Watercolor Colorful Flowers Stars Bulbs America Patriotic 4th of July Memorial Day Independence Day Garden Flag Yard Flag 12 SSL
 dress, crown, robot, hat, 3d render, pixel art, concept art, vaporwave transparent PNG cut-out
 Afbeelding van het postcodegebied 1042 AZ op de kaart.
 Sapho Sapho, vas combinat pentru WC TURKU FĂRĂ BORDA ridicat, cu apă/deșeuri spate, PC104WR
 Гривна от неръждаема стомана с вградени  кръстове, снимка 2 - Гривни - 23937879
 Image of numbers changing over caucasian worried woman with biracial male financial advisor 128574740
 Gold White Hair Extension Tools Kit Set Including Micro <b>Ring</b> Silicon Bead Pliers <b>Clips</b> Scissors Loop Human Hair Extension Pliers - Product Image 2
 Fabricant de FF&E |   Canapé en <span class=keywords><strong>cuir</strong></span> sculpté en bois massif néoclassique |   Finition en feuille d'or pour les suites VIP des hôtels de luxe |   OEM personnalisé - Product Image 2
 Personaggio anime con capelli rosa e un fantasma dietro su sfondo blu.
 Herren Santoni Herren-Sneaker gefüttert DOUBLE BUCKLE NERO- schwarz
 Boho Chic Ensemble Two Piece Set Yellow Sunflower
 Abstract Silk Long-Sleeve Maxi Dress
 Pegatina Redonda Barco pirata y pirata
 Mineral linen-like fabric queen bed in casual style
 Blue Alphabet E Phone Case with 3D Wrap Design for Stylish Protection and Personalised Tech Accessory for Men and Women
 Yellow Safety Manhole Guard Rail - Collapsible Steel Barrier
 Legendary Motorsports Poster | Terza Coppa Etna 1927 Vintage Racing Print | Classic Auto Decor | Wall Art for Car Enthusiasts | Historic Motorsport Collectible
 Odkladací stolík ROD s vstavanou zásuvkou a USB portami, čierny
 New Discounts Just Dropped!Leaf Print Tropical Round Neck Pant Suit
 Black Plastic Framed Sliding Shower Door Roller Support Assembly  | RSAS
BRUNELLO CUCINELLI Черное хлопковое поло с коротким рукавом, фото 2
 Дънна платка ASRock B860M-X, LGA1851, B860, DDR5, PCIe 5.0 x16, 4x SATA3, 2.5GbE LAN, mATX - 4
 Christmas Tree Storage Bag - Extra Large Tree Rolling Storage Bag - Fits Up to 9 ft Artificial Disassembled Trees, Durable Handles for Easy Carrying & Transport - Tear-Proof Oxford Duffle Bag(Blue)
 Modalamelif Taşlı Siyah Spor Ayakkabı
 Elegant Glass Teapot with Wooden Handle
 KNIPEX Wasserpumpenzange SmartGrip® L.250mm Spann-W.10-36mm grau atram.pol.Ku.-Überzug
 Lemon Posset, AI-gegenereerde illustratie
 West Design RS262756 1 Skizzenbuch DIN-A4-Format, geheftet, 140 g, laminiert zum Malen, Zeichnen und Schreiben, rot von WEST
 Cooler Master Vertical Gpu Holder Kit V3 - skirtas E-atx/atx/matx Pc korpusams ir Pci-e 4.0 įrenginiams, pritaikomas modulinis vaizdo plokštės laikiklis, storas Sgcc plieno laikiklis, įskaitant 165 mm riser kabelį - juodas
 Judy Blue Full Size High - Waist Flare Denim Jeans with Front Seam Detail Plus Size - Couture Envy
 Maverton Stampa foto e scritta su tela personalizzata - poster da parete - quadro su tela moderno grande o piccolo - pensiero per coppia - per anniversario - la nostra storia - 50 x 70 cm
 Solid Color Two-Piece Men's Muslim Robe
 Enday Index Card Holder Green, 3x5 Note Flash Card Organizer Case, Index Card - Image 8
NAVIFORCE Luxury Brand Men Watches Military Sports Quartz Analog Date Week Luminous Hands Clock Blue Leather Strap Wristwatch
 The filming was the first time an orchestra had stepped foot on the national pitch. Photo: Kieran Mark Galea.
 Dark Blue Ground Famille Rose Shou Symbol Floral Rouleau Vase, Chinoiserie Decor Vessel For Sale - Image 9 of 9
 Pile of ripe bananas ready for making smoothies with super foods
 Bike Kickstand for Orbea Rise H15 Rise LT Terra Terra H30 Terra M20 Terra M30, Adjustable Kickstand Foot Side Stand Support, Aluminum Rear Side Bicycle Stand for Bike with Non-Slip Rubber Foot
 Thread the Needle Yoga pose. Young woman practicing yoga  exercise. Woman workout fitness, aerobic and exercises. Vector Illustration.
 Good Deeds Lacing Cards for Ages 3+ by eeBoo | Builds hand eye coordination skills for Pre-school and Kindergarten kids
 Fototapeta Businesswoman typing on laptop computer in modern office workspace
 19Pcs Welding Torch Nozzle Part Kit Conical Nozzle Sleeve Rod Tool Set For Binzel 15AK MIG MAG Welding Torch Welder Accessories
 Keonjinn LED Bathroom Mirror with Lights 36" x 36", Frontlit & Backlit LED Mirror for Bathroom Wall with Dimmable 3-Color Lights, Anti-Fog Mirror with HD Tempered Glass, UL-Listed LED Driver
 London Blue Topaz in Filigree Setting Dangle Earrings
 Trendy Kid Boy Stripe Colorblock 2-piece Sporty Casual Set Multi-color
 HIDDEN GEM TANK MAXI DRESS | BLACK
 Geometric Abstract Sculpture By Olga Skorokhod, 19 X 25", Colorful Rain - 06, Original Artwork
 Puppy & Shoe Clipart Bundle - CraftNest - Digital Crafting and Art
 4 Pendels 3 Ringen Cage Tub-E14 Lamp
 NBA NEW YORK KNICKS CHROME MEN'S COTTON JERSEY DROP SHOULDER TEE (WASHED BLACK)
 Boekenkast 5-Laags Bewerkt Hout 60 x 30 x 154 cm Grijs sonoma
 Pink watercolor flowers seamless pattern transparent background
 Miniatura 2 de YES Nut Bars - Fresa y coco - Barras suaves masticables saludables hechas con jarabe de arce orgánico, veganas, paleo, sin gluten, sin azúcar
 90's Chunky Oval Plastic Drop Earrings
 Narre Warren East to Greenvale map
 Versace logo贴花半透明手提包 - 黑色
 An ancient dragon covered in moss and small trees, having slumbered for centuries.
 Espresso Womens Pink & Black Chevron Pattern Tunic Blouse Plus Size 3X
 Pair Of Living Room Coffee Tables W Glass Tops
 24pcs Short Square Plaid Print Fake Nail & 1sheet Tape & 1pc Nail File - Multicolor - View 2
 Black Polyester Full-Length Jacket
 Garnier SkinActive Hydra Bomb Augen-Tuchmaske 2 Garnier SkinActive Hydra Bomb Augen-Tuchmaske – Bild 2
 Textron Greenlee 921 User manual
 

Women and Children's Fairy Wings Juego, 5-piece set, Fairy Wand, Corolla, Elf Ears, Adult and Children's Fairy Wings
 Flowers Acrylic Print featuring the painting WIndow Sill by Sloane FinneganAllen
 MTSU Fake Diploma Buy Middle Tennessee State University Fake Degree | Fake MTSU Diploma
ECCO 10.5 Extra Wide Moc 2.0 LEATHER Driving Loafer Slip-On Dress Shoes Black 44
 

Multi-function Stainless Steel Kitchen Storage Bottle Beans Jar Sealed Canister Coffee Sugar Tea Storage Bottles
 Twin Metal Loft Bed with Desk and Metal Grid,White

----

The line containing "Geometric Abstract Sculpture" marks the start. Reproduce it and all lines after it through the end of the listing, exactly and alone.

## Written response
 Geometric Abstract Sculpture By Olga Skorokhod, 19 X 25", Colorful Rain - 06, Original Artwork
 Puppy & Shoe Clipart Bundle - CraftNest - Digital Crafting and Art
 4 Pendels 3 Ringen Cage Tub-E14 Lamp
 NBA NEW YORK KNICKS CHROME MEN'S COTTON JERSEY DROP SHOULDER TEE (WASHED BLACK)
 Boekenkast 5-Laags Bewerkt Hout 60 x 30 x 154 cm Grijs sonoma
 Pink watercolor flowers seamless pattern transparent background
 Miniatura 2 de YES Nut Bars - Fresa y coco - Barras suaves masticables saludables hechas con jarabe de arce orgánico, veganas, paleo, sin gluten, sin azúcar
 90's Chunky Oval Plastic Drop Earrings
 Narre Warren East to Greenvale map
 Versace logo贴花半透明手提包 - 黑色
 An ancient dragon covered in moss and small trees, having slumbered for centuries.
 Espresso Womens Pink & Black Chevron Pattern Tunic Blouse Plus Size 3X
 Pair Of Living Room Coffee Tables W Glass Tops
 24pcs Short Square Plaid Print Fake Nail & 1sheet Tape & 1pc Nail File - Multicolor - View 2
 Black Polyester Full-Length Jacket
 Garnier SkinActive Hydra Bomb Augen-Tuchmaske 2 Garnier SkinActive Hydra Bomb Augen-Tuchmaske – Bild 2
 Textron Greenlee 921 User manual
 

Women and Children's Fairy Wings Juego, 5-piece set, Fairy Wand, Corolla, Elf Ears, Adult and Children's Fairy Wings
 Flowers Acrylic Print featuring the painting WIndow Sill by Sloane FinneganAllen
 MTSU Fake Diploma Buy Middle Tennessee State University Fake Degree | Fake MTSU Diploma
ECCO 10.5 Extra Wide Moc 2.0 LEATHER Driving Loafer Slip-On Dress Shoes Black 44
 

Multi-function Stainless Steel Kitchen Storage Bottle Beans Jar Sealed Canister Coffee Sugar Tea Storage Bottles
 Twin Metal Loft Bed with Desk and Metal Grid,White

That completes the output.